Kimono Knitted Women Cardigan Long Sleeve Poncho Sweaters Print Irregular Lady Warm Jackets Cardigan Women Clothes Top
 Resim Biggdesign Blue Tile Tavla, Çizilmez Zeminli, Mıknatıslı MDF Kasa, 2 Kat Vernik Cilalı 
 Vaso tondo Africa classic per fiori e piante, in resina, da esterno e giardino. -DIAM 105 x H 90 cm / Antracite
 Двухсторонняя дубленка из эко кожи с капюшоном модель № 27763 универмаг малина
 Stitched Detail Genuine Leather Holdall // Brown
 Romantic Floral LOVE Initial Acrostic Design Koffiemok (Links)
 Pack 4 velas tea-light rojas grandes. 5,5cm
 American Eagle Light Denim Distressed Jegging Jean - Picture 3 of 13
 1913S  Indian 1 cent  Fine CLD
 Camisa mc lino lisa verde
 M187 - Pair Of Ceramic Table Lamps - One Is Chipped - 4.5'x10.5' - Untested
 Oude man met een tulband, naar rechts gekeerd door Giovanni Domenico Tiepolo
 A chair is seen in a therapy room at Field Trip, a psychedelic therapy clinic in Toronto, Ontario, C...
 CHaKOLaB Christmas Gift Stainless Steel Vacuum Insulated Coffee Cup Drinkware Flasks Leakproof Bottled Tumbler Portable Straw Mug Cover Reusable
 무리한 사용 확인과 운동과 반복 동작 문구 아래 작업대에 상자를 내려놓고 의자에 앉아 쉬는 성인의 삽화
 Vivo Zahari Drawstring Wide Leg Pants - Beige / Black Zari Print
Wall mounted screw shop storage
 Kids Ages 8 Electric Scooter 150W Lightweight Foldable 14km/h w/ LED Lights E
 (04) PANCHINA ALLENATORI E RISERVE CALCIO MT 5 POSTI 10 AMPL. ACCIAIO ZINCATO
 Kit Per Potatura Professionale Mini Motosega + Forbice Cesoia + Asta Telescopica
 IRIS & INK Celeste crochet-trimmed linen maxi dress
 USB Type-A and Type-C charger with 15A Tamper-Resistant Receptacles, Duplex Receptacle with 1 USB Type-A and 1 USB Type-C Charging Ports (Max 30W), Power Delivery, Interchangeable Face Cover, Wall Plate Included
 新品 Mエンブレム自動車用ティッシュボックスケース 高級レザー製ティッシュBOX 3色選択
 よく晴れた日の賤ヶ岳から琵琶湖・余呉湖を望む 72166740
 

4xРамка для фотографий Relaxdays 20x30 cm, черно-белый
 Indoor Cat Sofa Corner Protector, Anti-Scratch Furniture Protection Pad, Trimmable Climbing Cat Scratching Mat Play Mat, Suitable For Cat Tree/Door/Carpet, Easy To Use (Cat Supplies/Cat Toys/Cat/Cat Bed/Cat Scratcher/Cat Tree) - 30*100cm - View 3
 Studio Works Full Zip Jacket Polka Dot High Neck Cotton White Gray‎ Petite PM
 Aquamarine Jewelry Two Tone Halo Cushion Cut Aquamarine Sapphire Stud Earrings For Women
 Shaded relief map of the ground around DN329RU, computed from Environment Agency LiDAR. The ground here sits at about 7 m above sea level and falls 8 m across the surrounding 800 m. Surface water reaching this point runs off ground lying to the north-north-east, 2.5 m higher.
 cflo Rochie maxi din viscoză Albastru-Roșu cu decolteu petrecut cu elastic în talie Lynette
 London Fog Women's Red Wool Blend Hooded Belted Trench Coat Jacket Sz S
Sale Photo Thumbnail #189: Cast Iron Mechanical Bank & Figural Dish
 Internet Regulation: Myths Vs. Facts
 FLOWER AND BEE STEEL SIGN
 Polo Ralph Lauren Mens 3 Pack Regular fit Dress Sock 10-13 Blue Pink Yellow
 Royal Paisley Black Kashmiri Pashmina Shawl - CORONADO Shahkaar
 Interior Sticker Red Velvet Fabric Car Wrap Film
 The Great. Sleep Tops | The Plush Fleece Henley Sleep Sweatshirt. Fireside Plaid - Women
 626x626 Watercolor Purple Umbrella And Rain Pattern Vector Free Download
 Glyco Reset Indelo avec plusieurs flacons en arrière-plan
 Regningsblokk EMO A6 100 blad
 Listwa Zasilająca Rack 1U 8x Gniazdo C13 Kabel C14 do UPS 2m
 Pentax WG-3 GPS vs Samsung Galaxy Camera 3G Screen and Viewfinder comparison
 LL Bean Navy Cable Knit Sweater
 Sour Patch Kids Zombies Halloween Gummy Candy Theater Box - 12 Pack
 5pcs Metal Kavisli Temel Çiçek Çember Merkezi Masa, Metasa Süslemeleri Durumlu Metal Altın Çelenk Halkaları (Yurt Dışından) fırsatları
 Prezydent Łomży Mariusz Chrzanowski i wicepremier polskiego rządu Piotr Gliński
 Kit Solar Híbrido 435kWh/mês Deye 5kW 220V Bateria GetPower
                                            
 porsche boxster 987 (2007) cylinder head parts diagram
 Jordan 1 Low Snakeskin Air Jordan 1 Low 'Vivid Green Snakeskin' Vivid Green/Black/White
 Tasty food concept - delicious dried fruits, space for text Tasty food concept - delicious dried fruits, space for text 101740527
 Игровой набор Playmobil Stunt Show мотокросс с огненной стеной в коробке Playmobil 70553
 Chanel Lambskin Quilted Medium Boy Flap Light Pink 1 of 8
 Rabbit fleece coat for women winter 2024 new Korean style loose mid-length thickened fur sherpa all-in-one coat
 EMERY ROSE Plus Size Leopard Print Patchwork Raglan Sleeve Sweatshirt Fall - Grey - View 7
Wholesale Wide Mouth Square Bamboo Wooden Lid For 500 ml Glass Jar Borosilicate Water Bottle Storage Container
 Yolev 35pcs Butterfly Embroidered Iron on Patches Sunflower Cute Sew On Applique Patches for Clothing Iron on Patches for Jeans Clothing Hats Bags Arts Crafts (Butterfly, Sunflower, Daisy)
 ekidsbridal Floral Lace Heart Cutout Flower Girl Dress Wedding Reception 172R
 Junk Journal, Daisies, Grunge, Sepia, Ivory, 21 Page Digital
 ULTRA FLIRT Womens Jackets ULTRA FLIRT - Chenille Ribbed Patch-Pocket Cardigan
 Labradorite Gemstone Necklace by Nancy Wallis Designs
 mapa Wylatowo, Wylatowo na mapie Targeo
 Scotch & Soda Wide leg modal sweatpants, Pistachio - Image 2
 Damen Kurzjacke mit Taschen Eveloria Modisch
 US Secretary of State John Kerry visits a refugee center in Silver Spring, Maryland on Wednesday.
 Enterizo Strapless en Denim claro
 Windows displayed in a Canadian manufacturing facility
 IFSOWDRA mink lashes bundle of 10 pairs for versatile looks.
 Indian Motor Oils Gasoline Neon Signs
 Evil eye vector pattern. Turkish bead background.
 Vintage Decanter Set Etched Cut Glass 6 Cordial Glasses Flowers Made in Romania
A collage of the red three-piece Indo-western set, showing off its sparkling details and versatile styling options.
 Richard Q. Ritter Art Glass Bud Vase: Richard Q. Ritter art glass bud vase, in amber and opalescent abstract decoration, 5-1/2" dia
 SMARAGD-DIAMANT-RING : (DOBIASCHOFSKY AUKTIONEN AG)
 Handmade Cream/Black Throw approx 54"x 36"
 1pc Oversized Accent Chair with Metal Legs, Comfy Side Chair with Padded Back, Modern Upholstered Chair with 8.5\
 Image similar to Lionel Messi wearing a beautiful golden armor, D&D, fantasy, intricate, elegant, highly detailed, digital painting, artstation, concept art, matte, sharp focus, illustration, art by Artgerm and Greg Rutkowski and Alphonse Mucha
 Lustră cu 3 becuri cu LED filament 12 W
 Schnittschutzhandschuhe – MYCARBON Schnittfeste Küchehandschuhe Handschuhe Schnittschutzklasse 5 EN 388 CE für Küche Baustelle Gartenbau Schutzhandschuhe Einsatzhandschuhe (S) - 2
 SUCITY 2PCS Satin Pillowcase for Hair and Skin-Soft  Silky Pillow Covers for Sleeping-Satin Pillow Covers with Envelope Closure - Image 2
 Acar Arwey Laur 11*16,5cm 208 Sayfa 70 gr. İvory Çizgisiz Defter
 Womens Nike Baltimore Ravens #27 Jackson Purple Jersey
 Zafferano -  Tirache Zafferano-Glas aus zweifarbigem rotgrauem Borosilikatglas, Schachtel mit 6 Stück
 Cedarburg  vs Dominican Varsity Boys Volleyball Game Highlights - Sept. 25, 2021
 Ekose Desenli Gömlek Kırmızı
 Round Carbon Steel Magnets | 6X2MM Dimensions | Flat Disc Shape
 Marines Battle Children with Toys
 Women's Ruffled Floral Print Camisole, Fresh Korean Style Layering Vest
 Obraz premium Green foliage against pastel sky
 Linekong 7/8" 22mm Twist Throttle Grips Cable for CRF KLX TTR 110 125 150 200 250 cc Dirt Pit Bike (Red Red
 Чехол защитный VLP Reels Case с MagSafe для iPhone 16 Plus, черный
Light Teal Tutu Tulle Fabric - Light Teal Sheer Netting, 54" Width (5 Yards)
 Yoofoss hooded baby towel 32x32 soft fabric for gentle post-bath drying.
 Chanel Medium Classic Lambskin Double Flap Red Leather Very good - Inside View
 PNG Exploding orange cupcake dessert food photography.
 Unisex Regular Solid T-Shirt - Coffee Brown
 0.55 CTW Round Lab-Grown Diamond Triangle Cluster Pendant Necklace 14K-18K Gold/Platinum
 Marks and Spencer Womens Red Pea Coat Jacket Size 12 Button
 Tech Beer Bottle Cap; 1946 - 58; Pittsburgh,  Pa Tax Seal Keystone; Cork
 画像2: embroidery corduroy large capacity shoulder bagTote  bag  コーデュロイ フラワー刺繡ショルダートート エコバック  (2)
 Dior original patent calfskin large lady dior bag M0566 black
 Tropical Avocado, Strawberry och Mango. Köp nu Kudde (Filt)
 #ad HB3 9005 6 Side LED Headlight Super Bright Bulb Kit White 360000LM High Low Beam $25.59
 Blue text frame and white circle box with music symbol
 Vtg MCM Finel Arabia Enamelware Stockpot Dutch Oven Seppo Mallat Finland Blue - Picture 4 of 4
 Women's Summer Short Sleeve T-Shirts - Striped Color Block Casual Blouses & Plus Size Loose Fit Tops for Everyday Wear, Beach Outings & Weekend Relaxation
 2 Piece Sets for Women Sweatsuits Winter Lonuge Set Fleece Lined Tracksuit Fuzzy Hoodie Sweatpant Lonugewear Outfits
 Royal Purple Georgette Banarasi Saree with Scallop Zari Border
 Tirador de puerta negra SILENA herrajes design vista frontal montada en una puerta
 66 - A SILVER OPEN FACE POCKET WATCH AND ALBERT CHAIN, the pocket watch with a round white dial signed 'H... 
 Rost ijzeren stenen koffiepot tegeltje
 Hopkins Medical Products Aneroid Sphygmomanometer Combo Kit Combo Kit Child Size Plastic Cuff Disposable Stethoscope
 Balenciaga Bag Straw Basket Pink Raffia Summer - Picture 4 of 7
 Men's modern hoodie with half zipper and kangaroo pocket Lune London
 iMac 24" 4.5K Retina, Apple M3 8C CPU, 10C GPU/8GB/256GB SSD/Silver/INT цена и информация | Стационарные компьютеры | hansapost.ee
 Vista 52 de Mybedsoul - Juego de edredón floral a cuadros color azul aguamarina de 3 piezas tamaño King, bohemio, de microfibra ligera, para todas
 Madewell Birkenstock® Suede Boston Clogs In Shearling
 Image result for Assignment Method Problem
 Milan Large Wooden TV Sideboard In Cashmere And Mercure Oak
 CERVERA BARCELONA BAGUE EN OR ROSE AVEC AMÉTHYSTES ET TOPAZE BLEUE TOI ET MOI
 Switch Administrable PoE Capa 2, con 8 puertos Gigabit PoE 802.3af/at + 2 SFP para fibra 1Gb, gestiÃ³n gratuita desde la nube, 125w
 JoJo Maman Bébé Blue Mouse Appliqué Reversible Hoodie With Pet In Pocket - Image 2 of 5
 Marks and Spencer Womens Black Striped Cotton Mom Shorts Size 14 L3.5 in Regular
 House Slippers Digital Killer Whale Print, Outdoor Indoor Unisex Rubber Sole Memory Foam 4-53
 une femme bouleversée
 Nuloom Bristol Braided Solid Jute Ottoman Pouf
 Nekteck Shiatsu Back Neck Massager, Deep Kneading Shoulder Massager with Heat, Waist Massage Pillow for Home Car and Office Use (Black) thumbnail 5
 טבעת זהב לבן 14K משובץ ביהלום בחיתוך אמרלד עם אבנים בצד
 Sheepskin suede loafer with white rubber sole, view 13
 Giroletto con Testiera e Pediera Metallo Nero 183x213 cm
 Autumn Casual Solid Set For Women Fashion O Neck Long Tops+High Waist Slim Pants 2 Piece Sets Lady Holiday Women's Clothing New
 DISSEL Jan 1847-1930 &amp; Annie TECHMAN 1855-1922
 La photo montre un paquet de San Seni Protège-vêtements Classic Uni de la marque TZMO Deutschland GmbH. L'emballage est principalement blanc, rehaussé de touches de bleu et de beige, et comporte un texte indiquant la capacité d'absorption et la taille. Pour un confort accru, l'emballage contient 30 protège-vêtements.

----------------------------------------

-- Try it --
Everything from the line with "Royal Paisley Black" through the line with "Regningsblokk EMO A6 100 blad" in the listing above must be retyped exactly, with nothing added.

-- Final answer --
 Royal Paisley Black Kashmiri Pashmina Shawl - CORONADO Shahkaar
 Interior Sticker Red Velvet Fabric Car Wrap Film
 The Great. Sleep Tops | The Plush Fleece Henley Sleep Sweatshirt. Fireside Plaid - Women
 626x626 Watercolor Purple Umbrella And Rain Pattern Vector Free Download
 Glyco Reset Indelo avec plusieurs flacons en arrière-plan
 Regningsblokk EMO A6 100 blad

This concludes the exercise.